Que me gusta pasear por mi ciudad es algo consustancial a la forma que tengo de vivir. Como es que en cada recorrido haga abstracción mental para imaginarme lo que la historia haya podido deparar en cada lugar que frecuento. Porque así valoro con mayor intensidad aquello que la vida me esté permitiendo conocer. Un caminante más, como otros muchos con los que me cruzo de continuo y que igualmente disfrutan de la esencia de nuestros rincones.
También los alrededores a la ciudad envuelven lo suyo. No son pocas las veces que atravieso esa línea que separa España y Portugal, cruzando el famoso rio Caya (Caia en portugués), un afluente del río Guadiana que en un corto tramo de su curso final en Badajoz forma la frontera natural entre los dos países.

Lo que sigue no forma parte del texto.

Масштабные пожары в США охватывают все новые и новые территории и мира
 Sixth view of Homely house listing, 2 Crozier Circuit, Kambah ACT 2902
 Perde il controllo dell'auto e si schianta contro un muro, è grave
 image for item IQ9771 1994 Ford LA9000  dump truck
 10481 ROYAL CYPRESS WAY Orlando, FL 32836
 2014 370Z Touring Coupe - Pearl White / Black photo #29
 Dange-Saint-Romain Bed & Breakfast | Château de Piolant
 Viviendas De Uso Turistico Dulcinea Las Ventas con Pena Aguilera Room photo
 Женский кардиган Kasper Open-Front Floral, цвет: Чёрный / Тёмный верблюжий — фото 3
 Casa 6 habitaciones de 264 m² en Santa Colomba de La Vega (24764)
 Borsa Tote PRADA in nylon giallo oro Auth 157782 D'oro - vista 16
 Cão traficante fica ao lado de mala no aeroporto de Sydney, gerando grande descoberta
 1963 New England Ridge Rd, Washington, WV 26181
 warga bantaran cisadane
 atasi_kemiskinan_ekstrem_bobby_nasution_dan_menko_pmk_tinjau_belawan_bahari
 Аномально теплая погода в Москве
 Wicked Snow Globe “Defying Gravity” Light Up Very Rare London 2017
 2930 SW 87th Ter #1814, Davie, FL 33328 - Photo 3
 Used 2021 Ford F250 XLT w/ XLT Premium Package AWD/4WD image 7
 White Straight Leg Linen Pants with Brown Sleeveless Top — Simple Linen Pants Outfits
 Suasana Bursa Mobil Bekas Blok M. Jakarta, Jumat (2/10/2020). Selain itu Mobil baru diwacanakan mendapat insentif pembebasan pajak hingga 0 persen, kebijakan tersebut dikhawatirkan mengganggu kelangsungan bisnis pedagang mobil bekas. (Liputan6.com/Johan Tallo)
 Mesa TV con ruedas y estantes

A mi mente llega lo que pudo acaecer en esas instancias tiempos atrás, en situaciones de conflicto bélico o de acercamiento entre ambos países, porque de todo ha habido y bien narrado por historiadores y mentes inquietas que quieren saber para sacar sus propias conclusiones, científicas o meramente anecdóticas.
Y es sobre este lugar al que ahora quiero referirme por lo sucedido en el siglo XVIII, más concreto en el año 1729, cuando se vivió lo que se conoce como el «intercambio de las princesas”, un momento histórico en que la frontera luso-española de Caya, entre las ciudades de Elvas y Badajoz, fuera protagonista del doble compromiso de enlace entre las dinastías de los Borbones y los Braganza, acordadas por las Cortes de Madrid y Lisboa, con la pretensión estratégica no sólo de perpetuar las dinastías de ambas casas reales sino también establecer lazos de unión entre ambos países, eliminando desavenencias.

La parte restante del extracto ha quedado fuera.